*** Opening Raw data ***
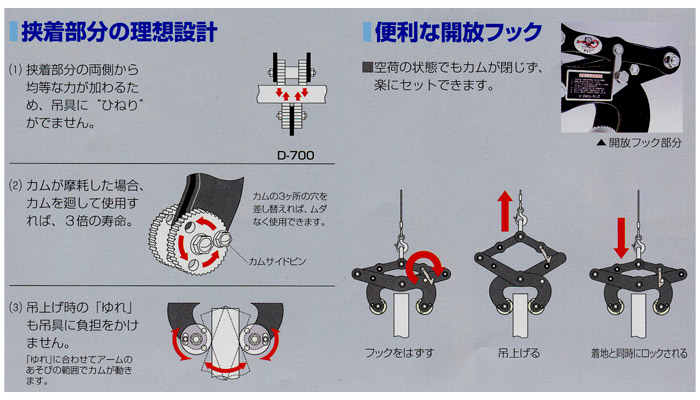 挟着部分の理想設計　　便利な開放フック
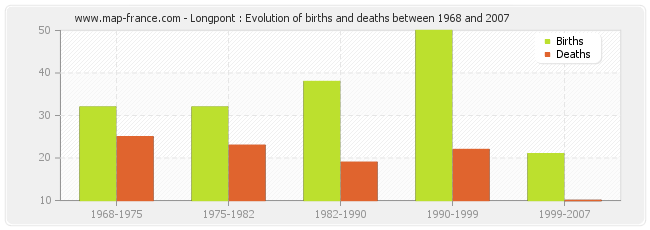 Longpont : Evolution of births and deaths between 1968 and 2007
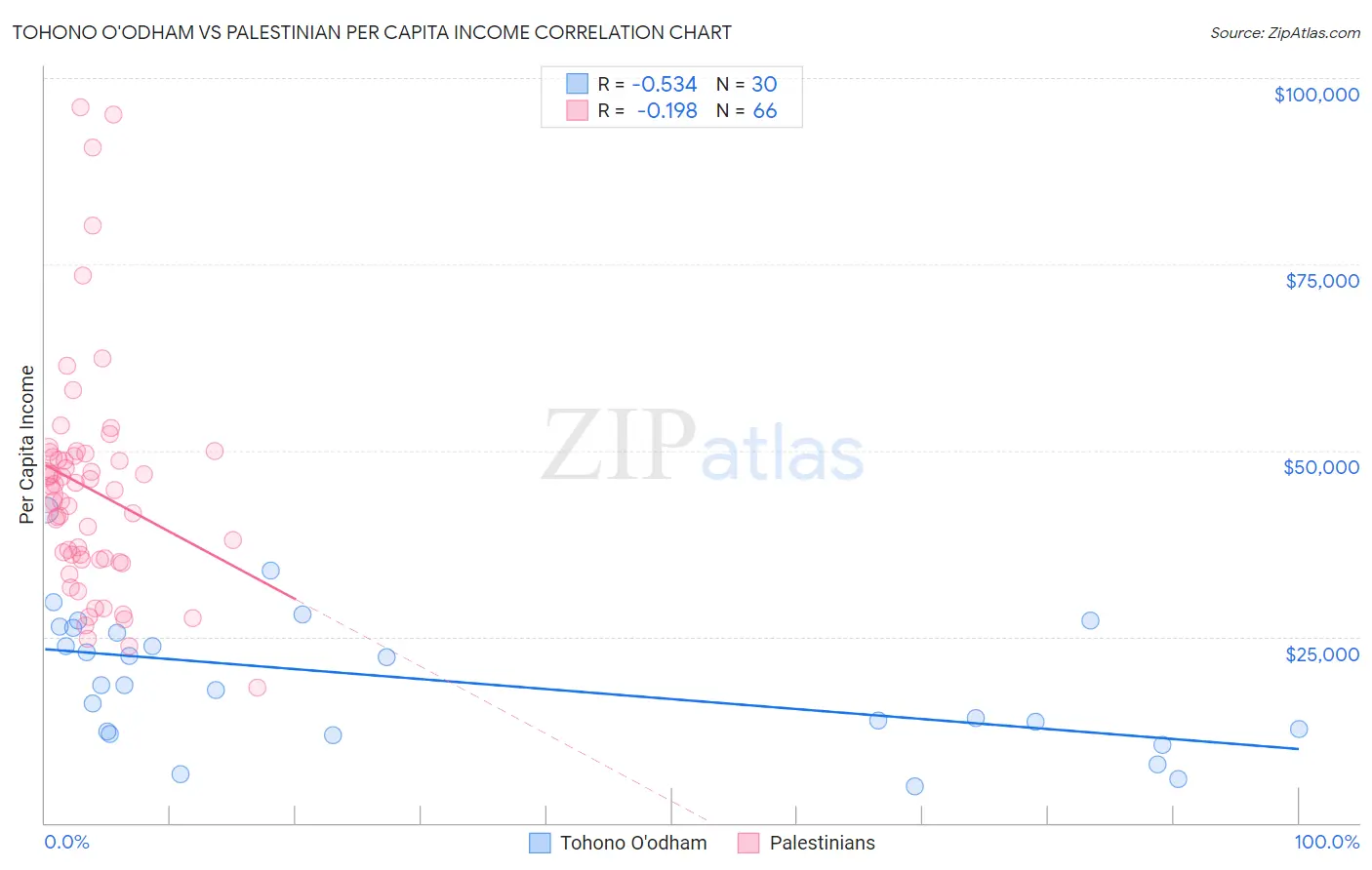 Tohono O'odham vs Palestinian Per Capita Income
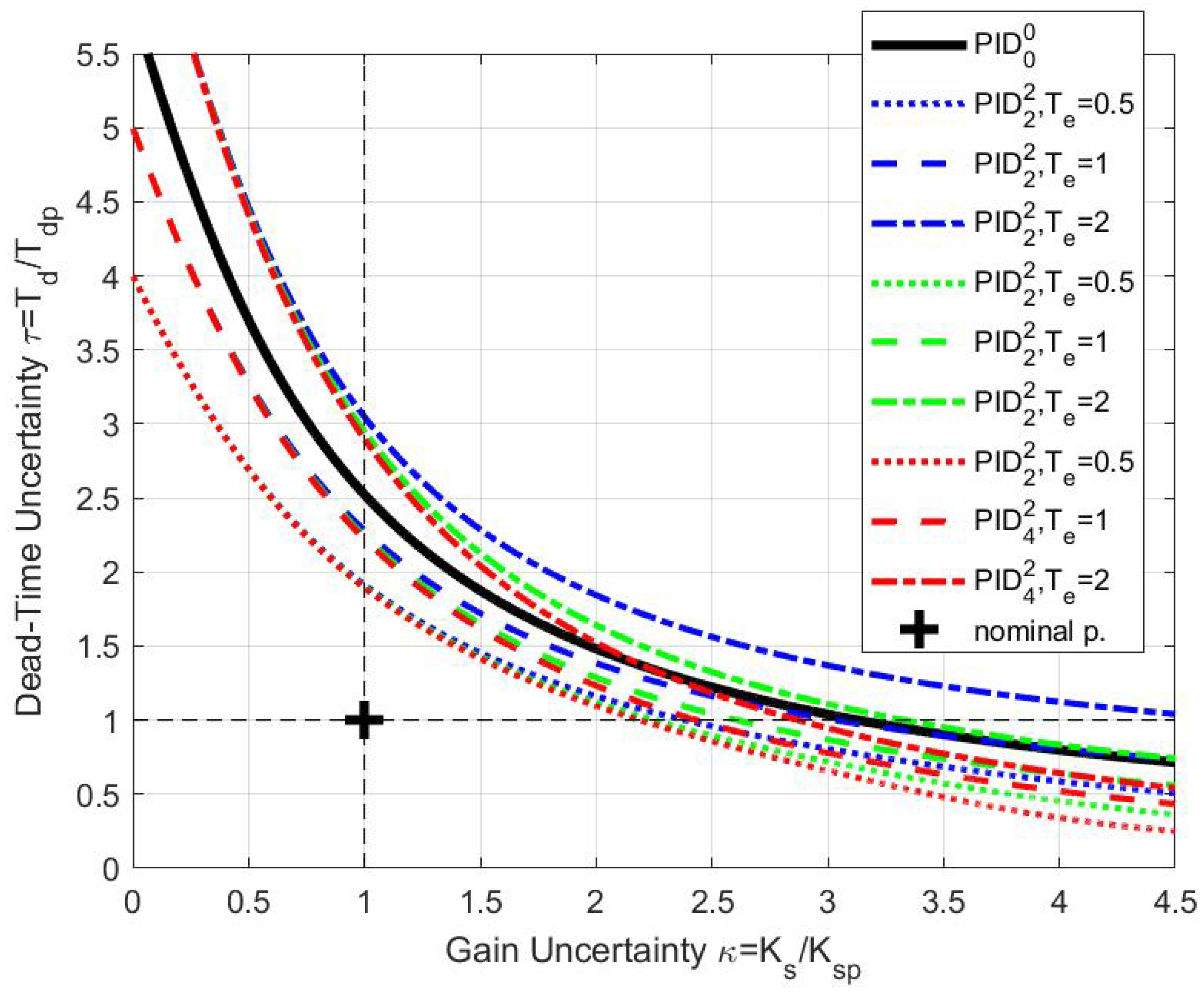 Mathematics 11 00030 g010 Mathematics 11 00030 g010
*** Closing Raw data ***
• _Action item_
Please retype the data exactly, but do not carry over any picture.

• _Exercise solution_
 挟着部分の理想設計　　便利な開放フック
 Longpont : Evolution of births and deaths between 1968 and 2007
 Tohono O'odham vs Palestinian Per Capita Income
 Mathematics 11 00030 g010 Mathematics 11 00030 g010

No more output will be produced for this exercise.